**Data records**
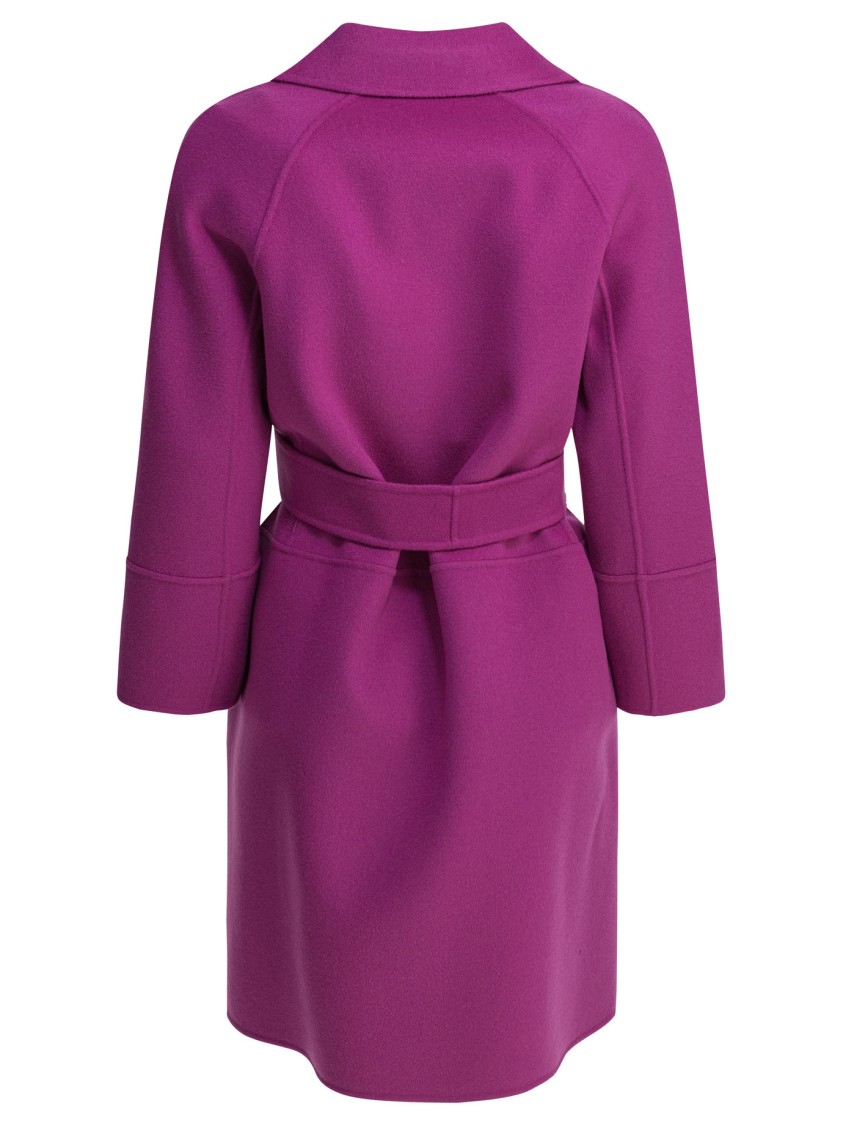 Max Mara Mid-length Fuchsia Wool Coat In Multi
* * *
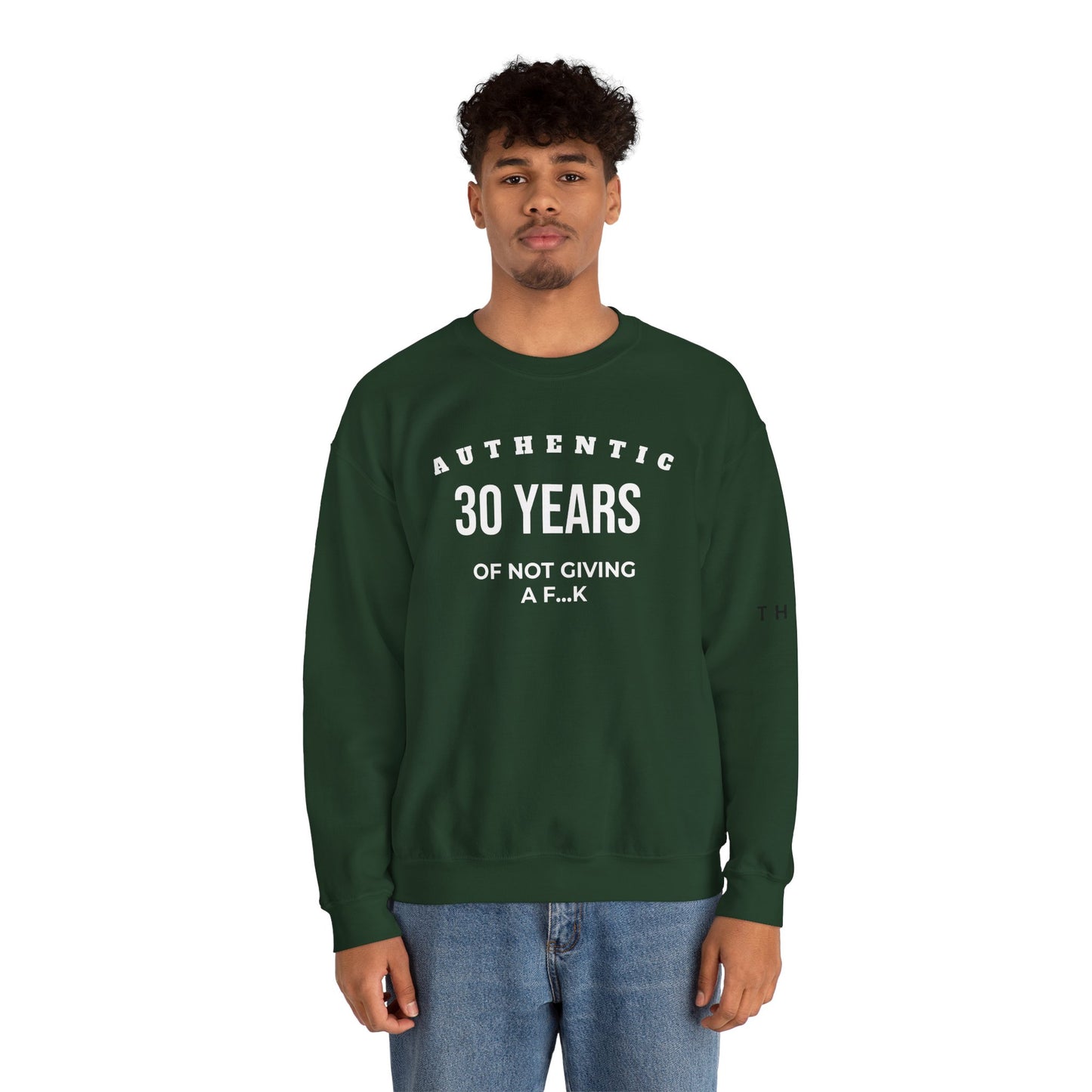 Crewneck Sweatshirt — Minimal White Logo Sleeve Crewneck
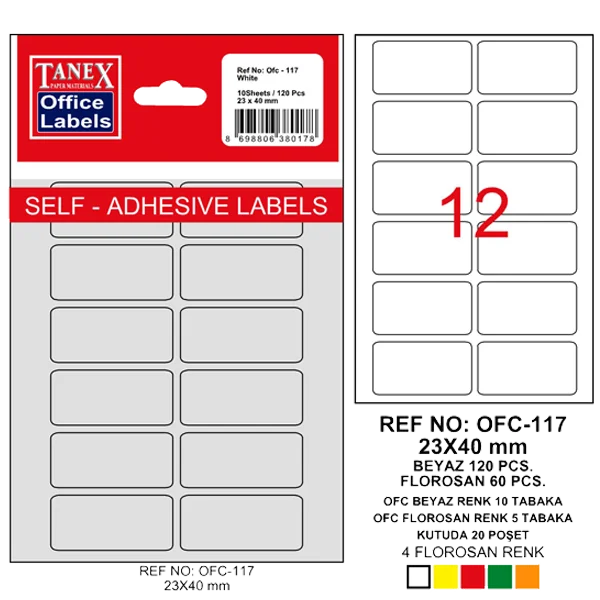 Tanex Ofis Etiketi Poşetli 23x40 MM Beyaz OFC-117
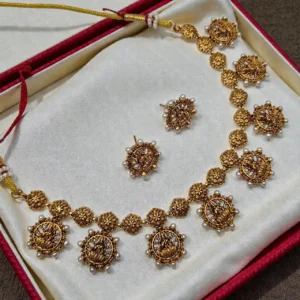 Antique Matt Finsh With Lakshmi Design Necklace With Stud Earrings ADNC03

**Exercise objective**
Quote word for word only the lines above from the one containing "Crewneck Sweatshirt —" through the one containing "Antique Matt Finsh". Pictures stay out of your copy.

**Final answer**
 Crewneck Sweatshirt — Minimal White Logo Sleeve Crewneck
 Tanex Ofis Etiketi Poşetli 23x40 MM Beyaz OFC-117
 Antique Matt Finsh With Lakshmi Design Necklace With Stud Earrings ADNC03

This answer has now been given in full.